あの日、からかわれたことに腹が立ったし、そのままクリニックに出勤する予定でもあったから、木田川さんが部屋に来るとすぐに私は木田川さんに後を任せてぐっすり眠っている進藤さんを残して部屋を出た。
進藤さんが解熱していたのはわかっていたし、私をからかう進藤さんと言葉を交わす気力もなかった。

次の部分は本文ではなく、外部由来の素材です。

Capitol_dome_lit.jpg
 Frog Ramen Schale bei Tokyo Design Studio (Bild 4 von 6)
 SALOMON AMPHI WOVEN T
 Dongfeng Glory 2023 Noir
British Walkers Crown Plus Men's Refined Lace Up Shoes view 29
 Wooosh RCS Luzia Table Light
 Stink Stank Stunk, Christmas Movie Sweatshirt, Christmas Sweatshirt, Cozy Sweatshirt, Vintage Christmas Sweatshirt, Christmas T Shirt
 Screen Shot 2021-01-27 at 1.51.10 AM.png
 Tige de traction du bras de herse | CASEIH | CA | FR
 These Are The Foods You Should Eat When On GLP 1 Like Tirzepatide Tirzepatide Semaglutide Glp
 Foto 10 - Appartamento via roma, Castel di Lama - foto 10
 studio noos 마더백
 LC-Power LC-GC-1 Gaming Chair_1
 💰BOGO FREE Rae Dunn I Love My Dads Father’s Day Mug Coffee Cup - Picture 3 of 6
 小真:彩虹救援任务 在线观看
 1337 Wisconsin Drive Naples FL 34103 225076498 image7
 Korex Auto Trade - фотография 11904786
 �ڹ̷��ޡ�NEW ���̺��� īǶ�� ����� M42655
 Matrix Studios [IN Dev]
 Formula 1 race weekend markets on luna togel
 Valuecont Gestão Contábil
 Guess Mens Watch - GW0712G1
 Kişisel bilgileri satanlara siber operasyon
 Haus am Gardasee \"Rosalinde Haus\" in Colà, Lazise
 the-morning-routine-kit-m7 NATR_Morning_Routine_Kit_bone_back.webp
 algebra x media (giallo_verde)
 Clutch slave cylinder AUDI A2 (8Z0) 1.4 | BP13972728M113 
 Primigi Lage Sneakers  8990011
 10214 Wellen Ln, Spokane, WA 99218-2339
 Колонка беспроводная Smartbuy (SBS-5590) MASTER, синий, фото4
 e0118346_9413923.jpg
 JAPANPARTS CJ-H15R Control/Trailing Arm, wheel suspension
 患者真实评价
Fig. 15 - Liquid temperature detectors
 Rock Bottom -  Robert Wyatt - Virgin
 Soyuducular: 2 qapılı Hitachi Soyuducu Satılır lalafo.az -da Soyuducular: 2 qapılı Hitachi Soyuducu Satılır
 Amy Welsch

「さすがにあと1週間くらいでこの忙しさも落ち着きますかね?」
お昼休みの時間をとっくに過ぎた午後2時40分。知世ちゃんがコンビニおにぎりをほおばりながらため息交じりに呟く。
あと20分もしないうちに午後の診療が始まってしまう。

「そうだといいね」
私は希望的観測を込めて返事をする。
毎日の超過勤務でSTAFFは皆疲れている。声も出せずにうんうんと頷くだけ。

「これが落ち着いたら飲みに行きましょうよ」
知世ちゃんのひと声に空気が変わる。

「いいね、私オシャレなバルをみつけたんですけど、忙しくて行けなかったからみんなで行きましょう」
留美ちゃんが明るい声を上げた。

「行くー」「行く、行く」

疲れ切った心に”オシャレなバル”の響きが魅力的だったのは皆同じらしい。
しかも、留美ちゃんのお店の選択に間違えはない。

その日まで頑張ろう。
そして、美味しいお酒を飲んで進藤さんのことなんて忘れてしまおう。